Execution Time for Training and Prediction of Gradient Boosted Tree is
29491ms


### Analysis

It's was explicitly mentioned in spark documentation that Gradient-boosted tree of RDD gives inconsistent performance for imbalanced data. However setting 'learning rate' will help to reduce irregularities in performance and overfitting. So we have done just that for this analysis. Evaluations showed that though it is known a high performing model the Spark RDD version has limitation of handling imbalanced data.

## CASE STUDY 3 CONCLUSION (FINAL CONCLUSION)

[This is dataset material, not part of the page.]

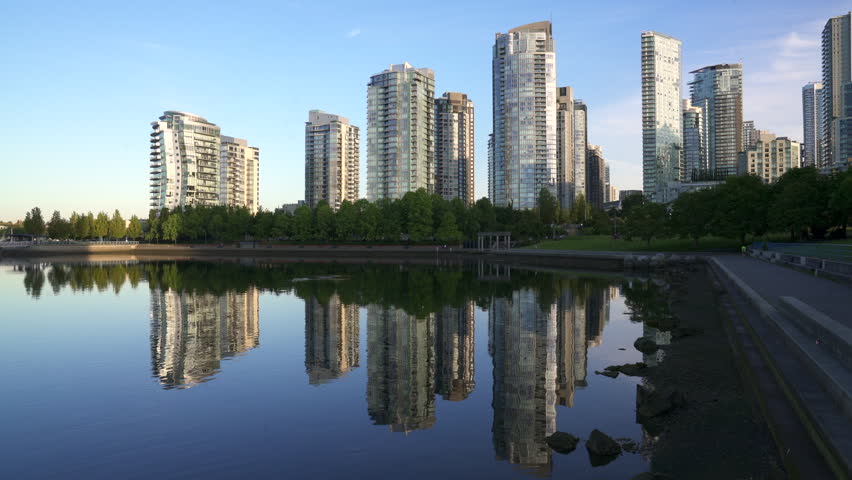 Quiet Sunrise Reflection False Creek Vancouver 4K UHD. Yaletown towers across the False Creek shoreline at sunrise in Vancouver. British Columbia, Canada. 4K, UHD.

We know that RDD are going to have an end of road map soon and Dataframes are the future. Our analysis revealed that models like Naive Bayes and SVM are inherently handling imbalanced data but these are not yet ported to data frames.Also there no development activities going on with RDD.In short the whole machine learning capabilities of spark has lot of limitations compared to python or R. This is one reason that spark is less popular in the market comapred to python or R. Inability to handle imbalanced data in many scenarios is a key drawback that we identified with this study.Our research also shows that development activities are in progress with spark dataframes to overcome many of this drawbacks. The JIRA link that we provided earlier in CASE STUDY 2 is strong proof for this. Hope we will see these features in spark soon and will make it more popular.